A set of high-dimensional embeddings, composed of a series of Embedding objects.

Static methods

def from_json(data, parents=None)

Builds an EmbeddingSet from a JSON object.

Args

data: A JSON-serializable dictionary representing the EmbeddingSet, such as that generated by EmbeddingSet.to_json.
parents: An optional list of Embedding objects to use as parents for each of the created embeddings.

Returns

An initialized EmbeddingSet object.

def load(file_path_or_buffer, **kwargs)

Load the EmbeddingSet object from the given file path or file-like object containing JSON data.

Args

file_path_or_buffer: A file path or file-like object to read the embedding from.

Methods

def clear_neighbors(self)

Expand source code

def clear_neighbors(self):
    """
    Removes the saved `Neighbors` associated with each `Embedding`. This can
    be used to determine which `Neighbors` is returned by `get_ancestor_neighbors()`.
    """
    for emb in self.embeddings:
        emb.clear_neighbors()

Removes the saved Neighbors associated with each Embedding. This can be used to determine which Neighbors is returned by get_ancestor_neighbors().

def compute_neighbors(self, n_neighbors=100, metric=None)

Expand source code

def compute_neighbors(self, n_neighbors=100, metric=None):
    """
    Computes and saves a set of nearest neighbors in each embedding set according
    to the `Field.POSITION` values. This can be accessed after completing this
    step by inspecting the `neighbors` property of the embedding.
    """
    for emb in self.embeddings:
        emb.compute_neighbors(n_neighbors=n_neighbors, metric=metric)

Computes and saves a set of nearest neighbors in each embedding set according to the Field.POSITION values. This can be accessed after completing this step by inspecting the neighbors property of the embedding.

def get_ancestor_neighbors(self)

Expand source code

def get_ancestor_neighbors(self):
    """
    Returns a `NeighborSet` containing ancestor `Neighbors` for each embedding in the
    `EmbeddingSet`. This corresponds to the highest-level `Embedding` in each
    `Embedding`'s parent tree that has a neighbor set associated with it.
    """
    return NeighborSet([emb.get_ancestor_neighbors() for emb in self.embeddings])

Returns a NeighborSet containing ancestor Neighbors for each embedding in the EmbeddingSet. This corresponds to the highest-level Embedding in each Embedding's parent tree that has a neighbor set associated with it.

def get_neighbors(self)

Expand source code

def get_neighbors(self):
    """
    Returns a `NeighborSet` object corresponding to the nearest neighbors
    of each embedding in the `EmbeddingSet`.
    """
    return NeighborSet([emb.get_neighbors() for emb in self.embeddings])

Returns a NeighborSet object corresponding to the nearest neighbors of each embedding in the EmbeddingSet.

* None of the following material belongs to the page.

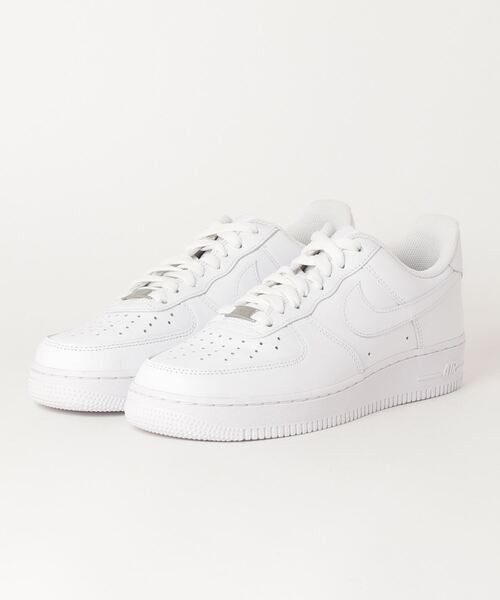 NIKE（ナイキ）の「NIKE AIR FORCE 1 07 ナイキ エア フォース 1 '07 スニーカー（スニーカー・メンズ・ホワイト・28.5cm/27.5cm/27.0cm/26.0cm/29.0cm/26.5cm/28.0cm）」の2枚目の写真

def get_recent_neighbors(self)

Expand source code

def get_recent_neighbors(self):
    """
    Returns a `NeighborSet` containing ancestor `Neighbors` for each embedding in the
    `EmbeddingSet`. This corresponds to the lowest-level `Embedding` in each
    `Embedding`'s parent tree (including the `Embedding` itself) that has a
    neighbor set associated with it.
    """
    return NeighborSet([emb.get_recent_neighbors() for emb in self.embeddings])

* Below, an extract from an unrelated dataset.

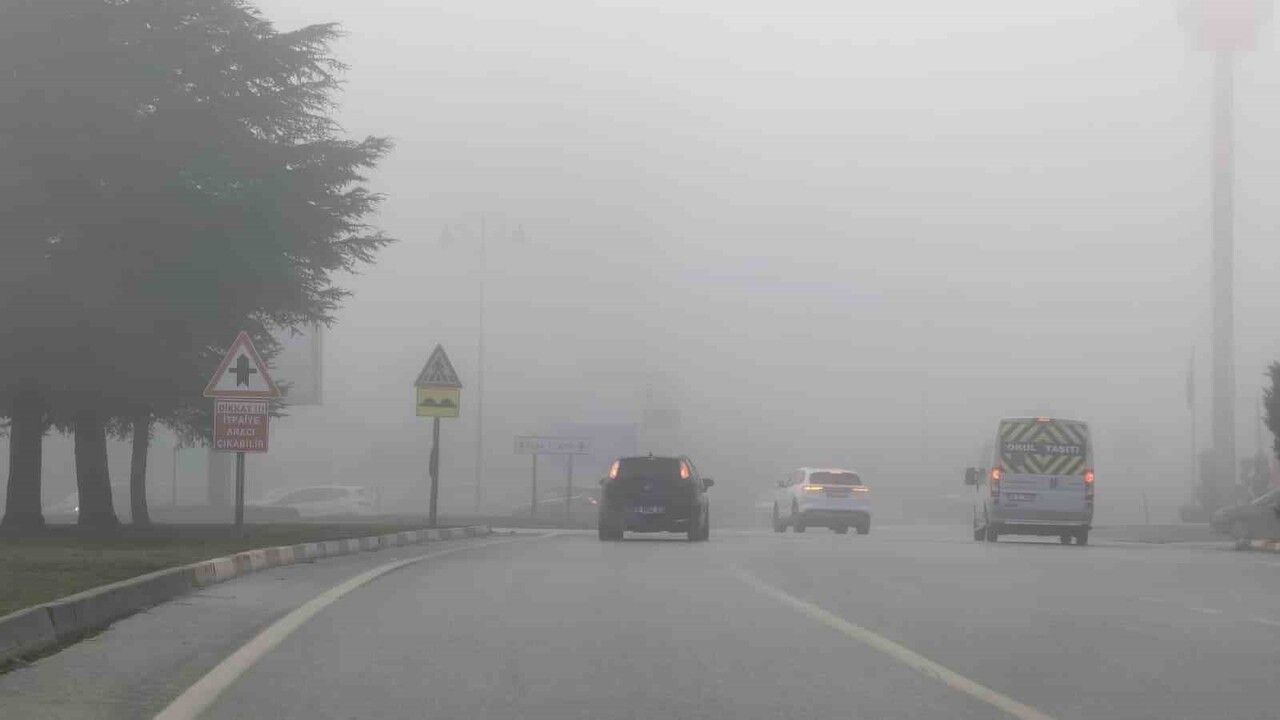 Bursa İnegöl'de Yoğun Sis Etkili Oldu; Görüş Mesafesi Yer Yer 10 Metreye Düştü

Returns a NeighborSet containing ancestor Neighbors for each embedding in the EmbeddingSet. This corresponds to the lowest-level Embedding in each Embedding's parent tree (including the Embedding itself) that has a neighbor set associated with it.

def identical(self)

Expand source code

def identical(self):
    if len(self) == 0: return True
    return all(e == self[0] for e in self.embeddings)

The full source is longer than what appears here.